We are now three years through the UMDL project. At the start of the project, one of our objectives was explore various ways of defining, building, evaluating, and deploying digital libraries. Towards this objective, we created an agent architecture that served as the basis for a deployable testbed. This architecture was populated with a variety of agents that provide services, content, and user interface.
In the course of building and researching digital libraries over the past three years, we have gained both experience and insight into what digital libraries are all about. We have spent some time over the past several months evaluating what we have accomplished, where we have fallen short, and most importantly, where we need to go in the remaining year. The plans for the coming year reflect some of this evaluation.
Over the past 6 months, we have continued our development and integration of commerce mechanisms within the UMDL architecture. We designed protocols for automatic generation of markets for information goods and services, which were demonstrated at the December DLI meeting at Stanford. The auction manager determines which markets are applicable for which agents, and creates new service descriptions and markets when appropriate. Several additional agent types have been enhanced to participate in market-based negotiation.
The Service Classifier Agent (SCA), developed in 1996, is the first UMDL agent based on the ontology. To advertise their services, agents define their capabilities using terminology from the UMDL ontology. In other words, this is the language that is used to describe goods and services in UMDL.
In addition defining capabilities, the SCA is able to inference over the language. This allows the SCA to perform sophisticated "directory" services, such as naming and look up.
The SCA works as follows: agents send their definitions to the SCA. The SCA uses Loom, a description logic system, to place the definitions into their proper locations within a highly organized taxonomy of available services. This type of computational reasoning, called automatic classification, is made possible by the precision of ontological definition. We call the taxonomy of available services a "dynamic ontology", since concepts are defined at runtime.
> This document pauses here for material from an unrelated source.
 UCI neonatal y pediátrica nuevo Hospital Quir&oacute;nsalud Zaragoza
Agents can also define services that build on definitions created by other agents. Using the dynamic ontology, the SCA helps agents requesting services find the best agent available to meet their needs. Because ontologies are very expressive, descriptions of desired services can be highly complex: multi-dimensional, at any level of granularity, and from any perspective.
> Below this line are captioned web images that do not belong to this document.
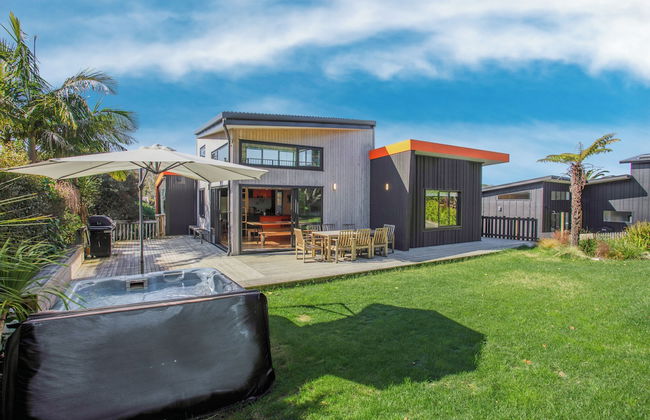 Artist's Colourful Casa with Spa Pool - Foto 30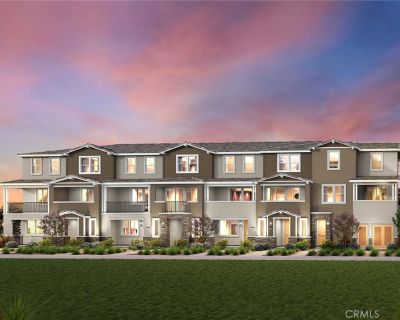 3 Bedroom 3BA 1781 ft Townhouse For Sale in San Marcos, CA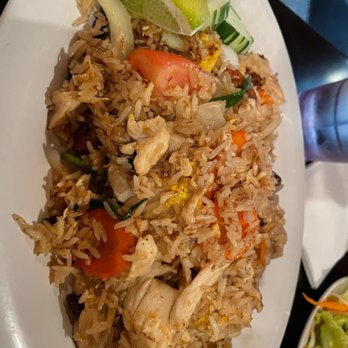 Aroy Dee Thai Kitchen - Pineapple Fried Rice - Thai Near Me - New York, New York Aroy Dee Thai Kitchen - Pineapple Fried Rice - Thai Near Me - New York, New York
In 1996, the SCA was utilized in the Service Markets Society (SMS), a simulation of a digital library implemented as a computational economy. The SMS is the most thorough demonstration of the UMDL architecture thus far in the project. Agents use auctions to buy services at prices that reflect current supply and demand. The SMS includes six types of agents, with potentially dozens of active instances. The SCA permits agents providing services in the SMS to dynamically define their capabilities, and agents requesting services to find the best service currently available. When new agents are launched that provide services that meet existing requests better than existing services, the agents requesting those services automatically switch to the new agent. The agents requesting services periodically repeat their search for the best available service, so they make the switch to the new service without requiring any modification or even notification. Thus service classification encourages third party development of new agents, by eliminating barriers to profitable participation in the society.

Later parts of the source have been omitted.